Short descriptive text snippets
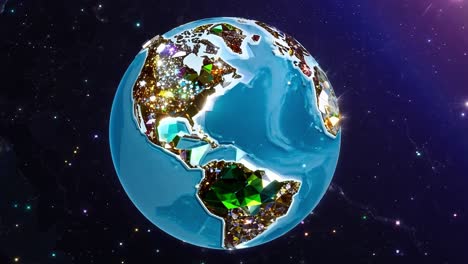 la tierra cristalizada en el espacio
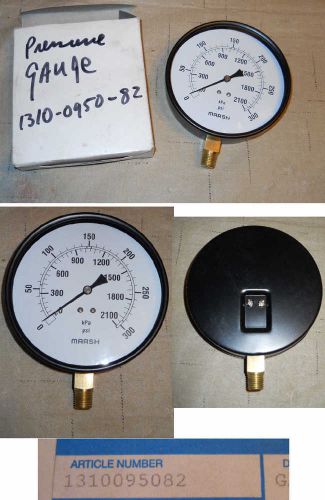 Nib* marsh pressure gauge 0 to 300 psi and 0 to 2100 kpa 1310095082 *new* for sale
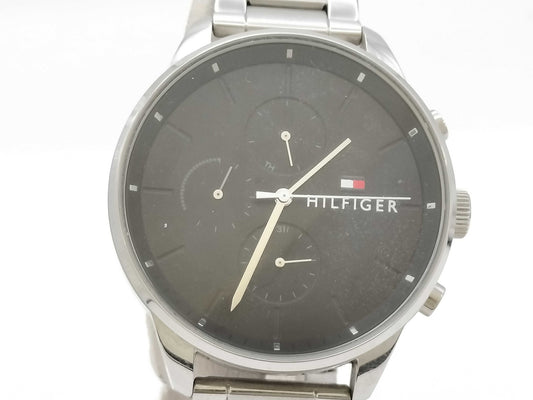 TOMMY HILFIGER TH.172.1.14.2421 Quartz Black Dial Immovable Men's Watch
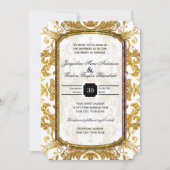 Faux Gold Glitter Ticket Style  Typografie Kaart (Voorkant)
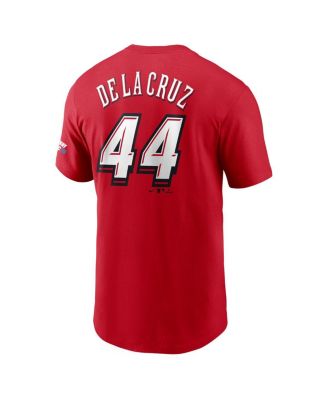 Men's Elly De La Cruz Red Cincinnati Reds 2025 MLB Speedway Classic Name Number T-Shirt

## Exercise requirements
Here the lines from the one with "TOMMY HILFIGER TH.172.1.14.2421" through the last line of the data above need to be repeated exactly, both included, and any picture omitted.

## Result below
 TOMMY HILFIGER TH.172.1.14.2421 Quartz Black Dial Immovable Men's Watch
 Faux Gold Glitter Ticket Style  Typografie Kaart (Voorkant)
 Men's Elly De La Cruz Red Cincinnati Reds 2025 MLB Speedway Classic Name Number T-Shirt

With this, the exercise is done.